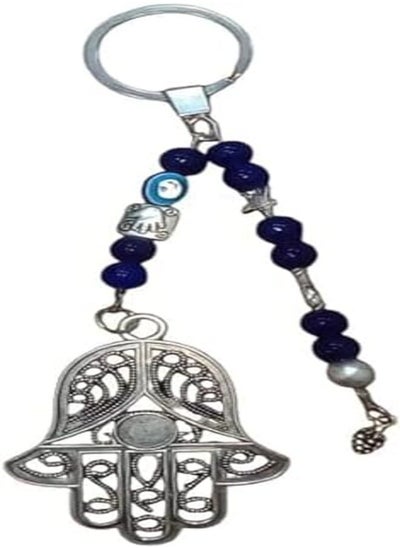 اشتري Keychain and pendants with blue beads في مصر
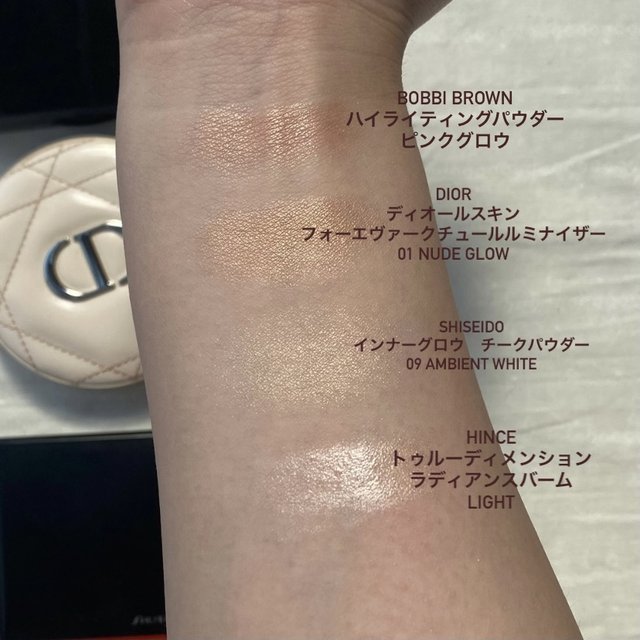 SHISEIDO インナーグロウチークパウダー09 - ベースメイク/化粧品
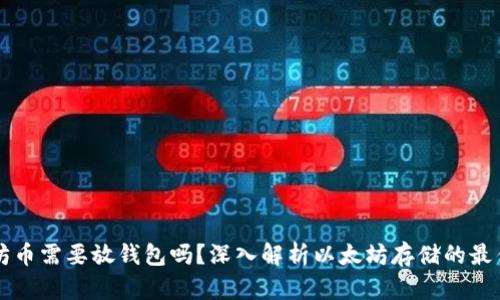 以太坊币需要放钱包吗？深入解析以太坊存储的最佳方式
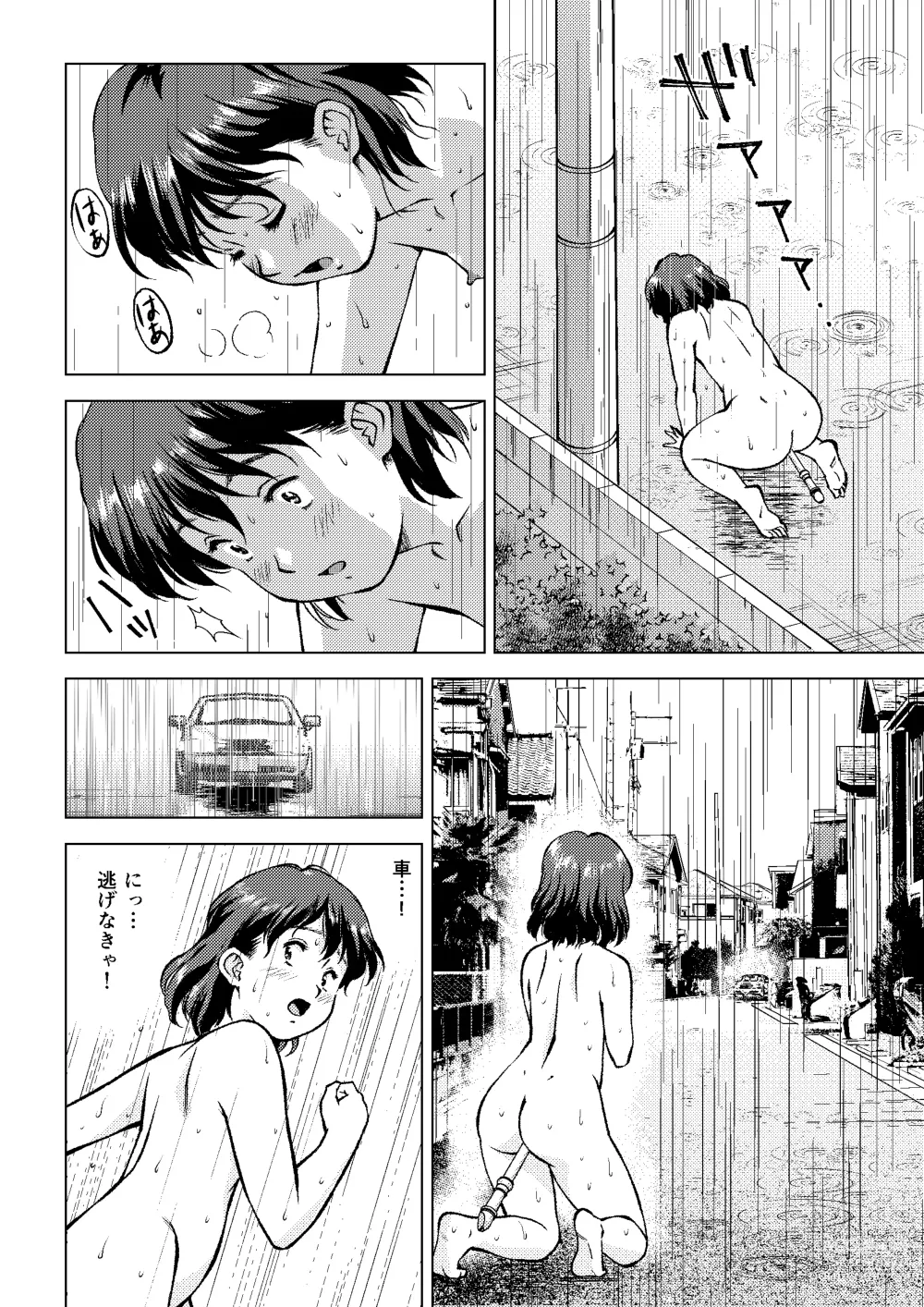 Page 22 of manga Okada-san no Shippo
= = =
**TASK**.
Before writing out the material above, please remove its pictures; everything else stays exact.

**ANSWER TO THE PROBLEM**.
 اشتري Keychain and pendants with blue beads في مصر
 SHISEIDO インナーグロウチークパウダー09 - ベースメイク/化粧品
 以太坊币需要放钱包吗？深入解析以太坊存储的最佳方式
 Page 22 of manga Okada-san no Shippo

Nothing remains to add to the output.